There's simply too much to be accomplished and I'm running out of the necessary time and energy. Where are the promised vacation pics? Still in my camera...along with the better part of Becca's memory book. AND SHE'S ALMOST A YEAR-AND-A-HALF OLD. She'll never forgive me if I don't get going on that.

But she may also not forgive me for taking her to Mother's Day Out, where she got so thoroughly upset today that she vomited all over herself. I was putting in a few hours at the company I used to work for (what? and you're moving on THURSDAY? well, see if I didn't go in and work I would have been kicked off of Creative-On-Call, so I kinda had to, despite all the other chaos...). So I'm wracked with guilt, stress over freelance and Creative-On-Call hours, exhaustion from a family wedding this weekend, and a house that needs to be packed and cleaned. And did I mention The Banker turns 30 this weekend?

So what the hell am I doing on here?

I'll try to be back when this overwhelming chaos subsides. And if I promise pictures and fresh cookies, will you come back?

Monday, June 02, 2008

A Hasty Retreat

Was it just last week I departed for Grand Cayman? Where did the time go? And how can I adequately encompass all that that retreat entailed and meant? And do I really have time, given that I need to complete three freelance articles, pack up an entire home, get Becca to her first day of Mother's Day Out, and somehow make time to help out my old company?

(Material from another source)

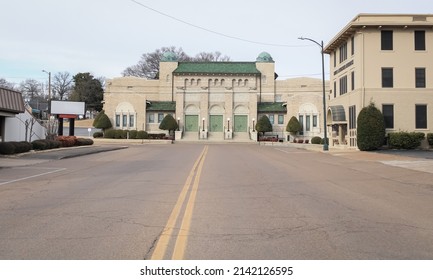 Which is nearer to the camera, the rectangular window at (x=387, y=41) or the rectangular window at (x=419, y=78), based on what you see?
the rectangular window at (x=419, y=78)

Okay, so we'll give it a quick go: Private villa at the Ritz. Needless to say, a girl could get accustomed to that lifestyle. If she were made of money and $20 drinks didn't make her throat seize up. The beach was gorgeous, the digs incredibly posh, the sunsets amazing. I saw two sea turtles while scuba diving and touched sting rays and an eel while snorkeling. Loved, loved, loved it.

The company: I knew only one of the gals on this trip (an amazing friend who kindly asked me to join her. Um, THANK YOU). The other three were strangers to me--two single, one married. I think I could get along great with all of the gals, sans one, who'll we'll get to shortly.

The neighbors: Six married men in their 40s. All fathers. They spotted us on our patio (by the private plunge pool, natch), and invited us over for a drink. I hesitated, but the consensus was it was harmless fun, right? Well, it quickly became apparent that these millionaires (most of who graciously let us know their financial status), put higher stock in their investment funds than in their marriages. And that one aforementioned gal? The tall, beautiful party girl from L.A. who bedded a Coast Guard member during our stay? Well, apparently she took it upon herself to sleep with TWO of these men...unbeknownst to my friend and me, as we'd retired early in preparation for the next day's flight.

I'm disgusted by both the single party girl and the two married men. Not that these things overshadowed my incredible trip--far from it--but they did make me so very, very thankful for the family I have. Who were waiting excitedly at the airport for my return. Pictures later, but now, I have china and crystal to pack.